On Tuesdays, a group of students from across the district come to my classroom to envision how Emotional Intelligence initiatives can support future students in our future schools. This hour-long weekly meeting went down as they usually do: quickly, inefficiently, with snacks. One senior led us through a team building exercise. Five balloons, five strips of tape, one tallest sculpture. Lots of popping. Lots of laughter. Lots of EQ-rooted shit talking. Lotsa sorta tall balloon creations. Did I say to build the tallest sculpture in the room, or just the tallest your own group can achieve? Was this a competition? Is it healthy for students like us to always interpret activities as competitive? Kid did a great job leading us. Sometimes, and considering the long-winded and meandering unnecessarily-circular-hyper-socially-aware dialoguing that usually pushes us well beyond an hour, popping balloons after a long day is the perfect way to cleanse my room of stagnant air. If this were all I had, I’d carry around with me a bag of balloons and a roll of tape for the rest of my life.

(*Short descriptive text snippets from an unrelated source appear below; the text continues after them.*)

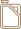 ICON-INFORMACOESTECNICAS11.fw.png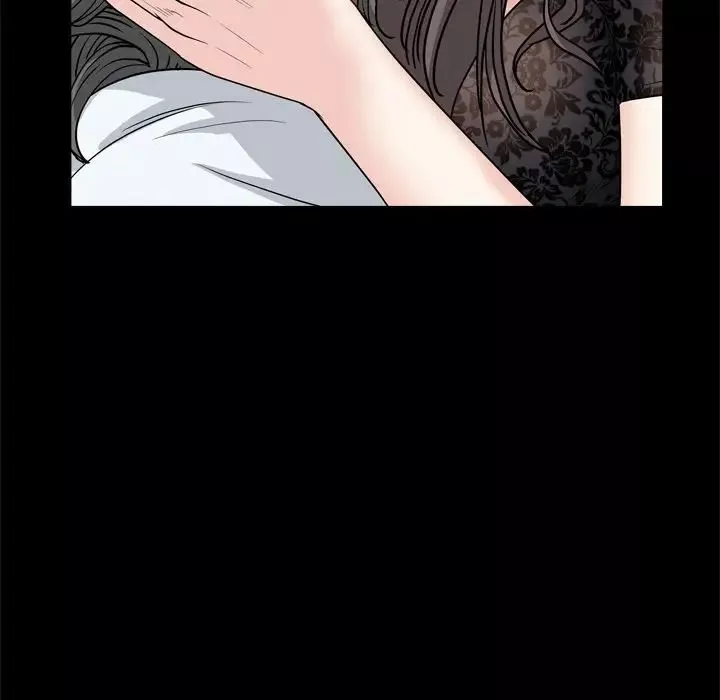 枷锁2：赤脚第7話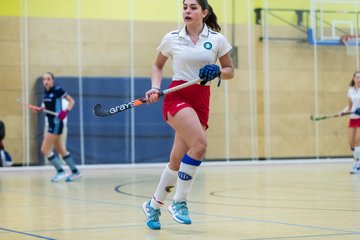 Bild 19 - RL HTHC2 - Rissen - UHC - Polo Club - Klipper - CadA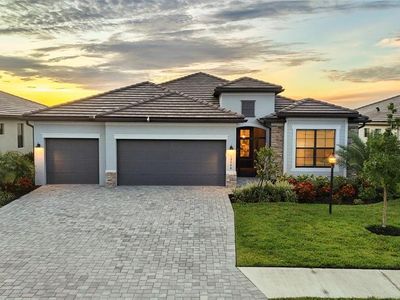 15344 Serene Shores Loop, Bradenton, FL, 34211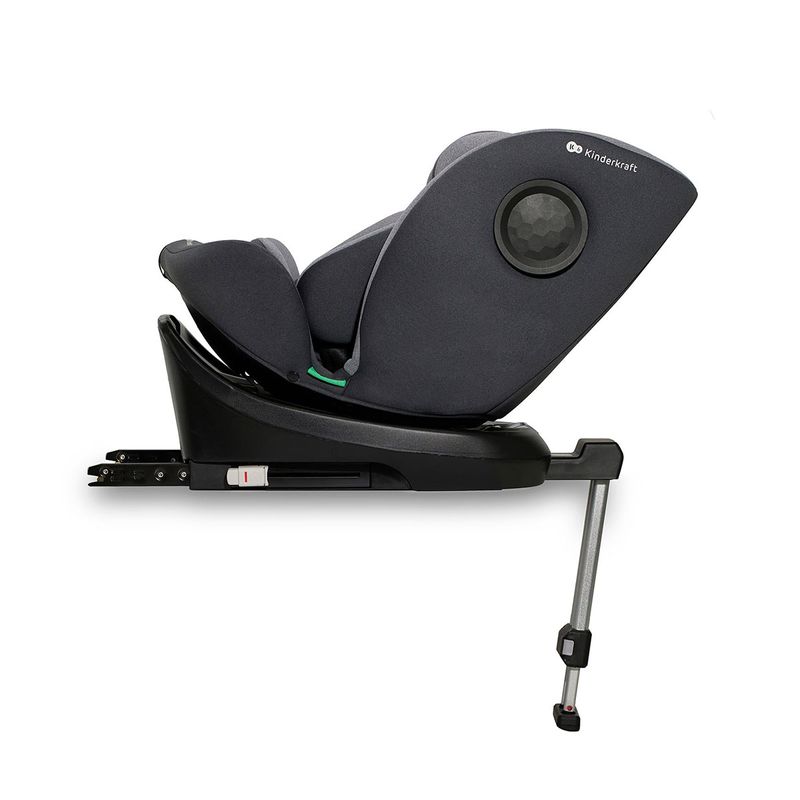 Silla-coche-I-360-Isize-40-150cm-c--pata-Gris_3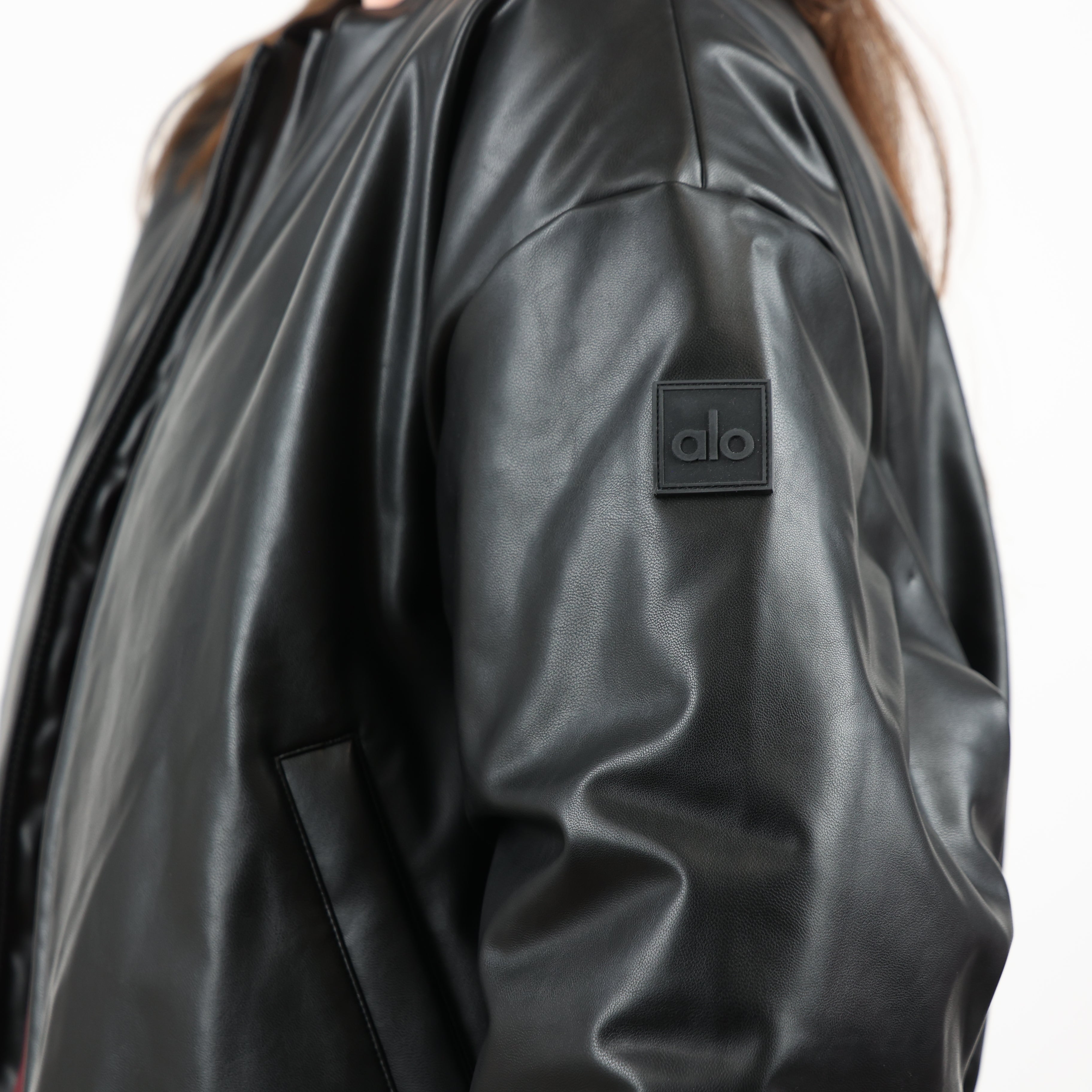 Jacket, UK Size 4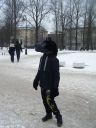 Имя файла=DSCF0308.JPG
Размер файла=2404КБ
Размеры=1500x2000
Дата=Фев 11, 2025 DSCF0308.JPG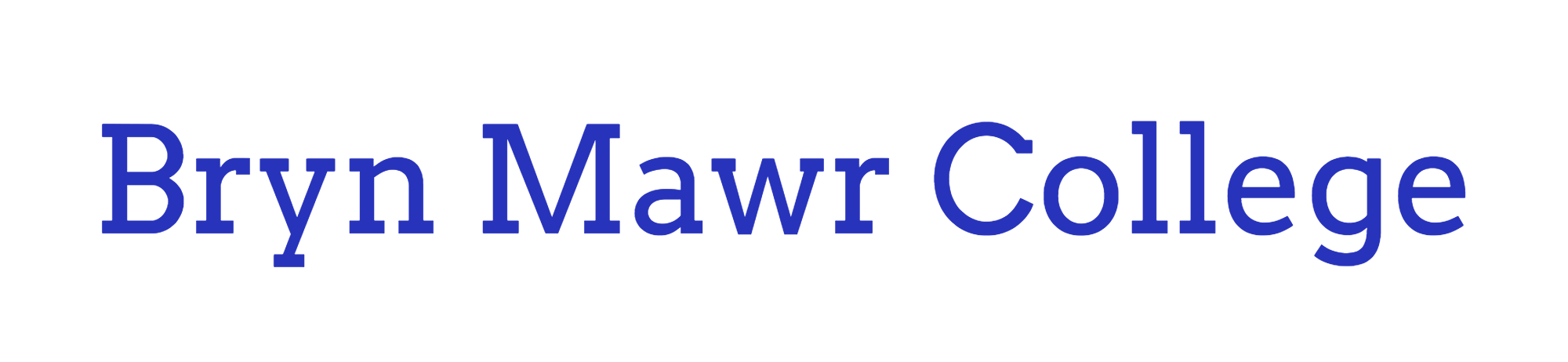 Bryn Mawr College-logo.png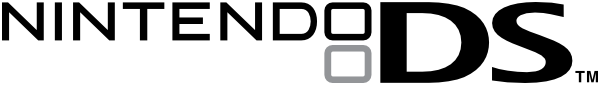 Nintendo DS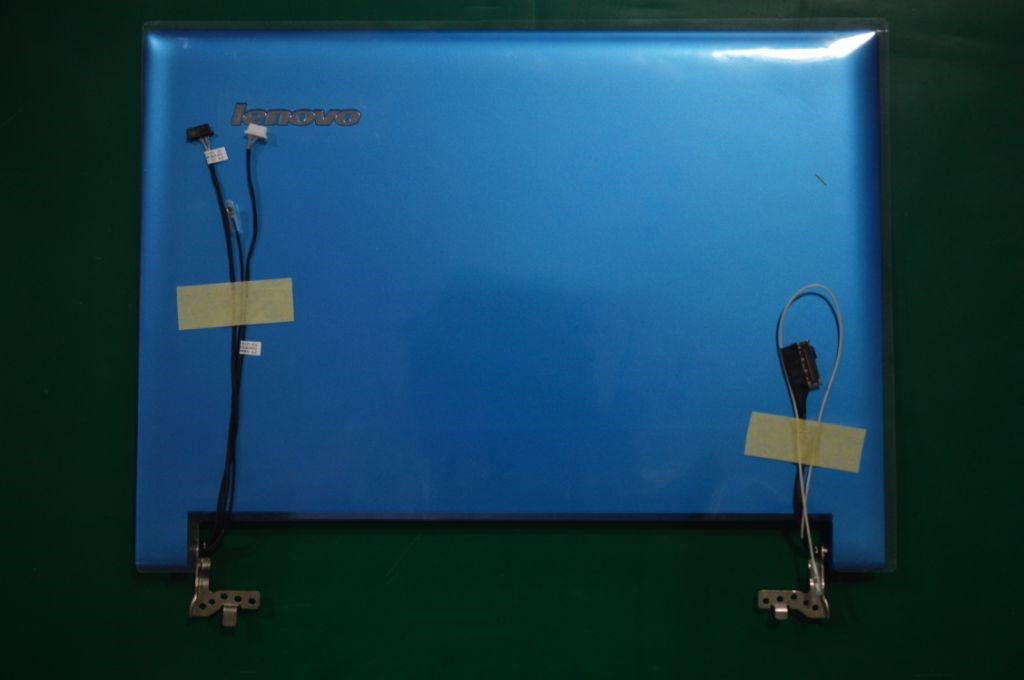 Lenovo Replacement Part - 90205037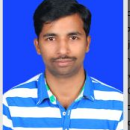 Photo of Santhosh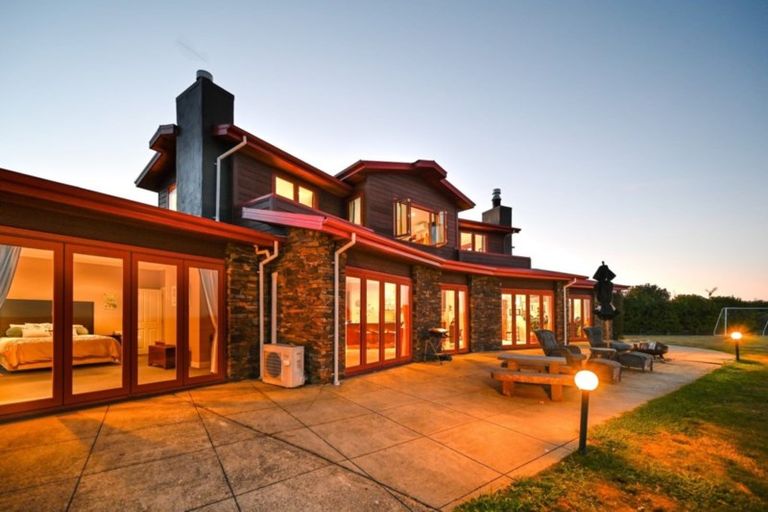 Photo of property in 76 Teapot Valley Road, Brightwater, 7091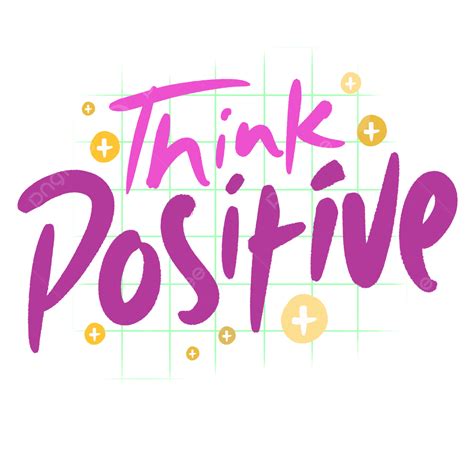 Printable Transparent Quotes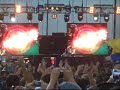 david-guetta-vs-erick-morillo-umf-2008.html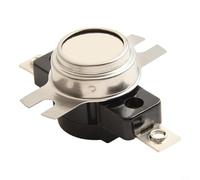 Doccia Termico Cut Out Interruttore Controllo Temperatura Gruppo 83317310 Per Triton T70 T80 Caselona Doccia Elettrica Serie Parti di Ricambio per Bagno Dispositivo di Protezione Della Temperatura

Oh, and this of course: Yesterday, we had to upload a plethora of documents for Observation. For most conversations around school among the staff, observation is not usually capitalized, but everyone carries an air like it should be. We belittle it in the same hour that we pour over our documentation and preparedness. So. I uploaded every teacher reflection I had written for my blog (I don’t post everything) to prove I was thinking about my practice. I threw a word document together with a bunch of curricular information to prove I think I know how to approach teaching. Pasted a screenshot of these digital attendance sheets correlated to those gridded grade books as evidence that I keep accurate records. I didn’t upload anything about how I engage in a professional community. I didn’t provide evidence how I implement professional development. After all, I’m aiming for a 3 out of 5. That 3 keeps the dreaded Professional Growth Plan at bay. I think I adequately cleared the artificial hurdle. It’s not that I refuse to engage professionally or pay attention during PD (though I fantasize about refusing both), but I—well if this was my last week, I’d rest knowing my work existed beyond metrics.
Say tomorrow, it all ends. Is it what you uploaded? Is it what you taught? How you taught? Would you mourn how calcified your disdain had become or the classroom joys you’ll never get back? Say tomorrow, it all ends. How would you help young people if you knew it was your last chance? Maybe they’d be better off if you disappeared. Maybe you’d deliver the instruction of a lifetime. Maybe, it’d be enough to do what you always do. Maybe it never is.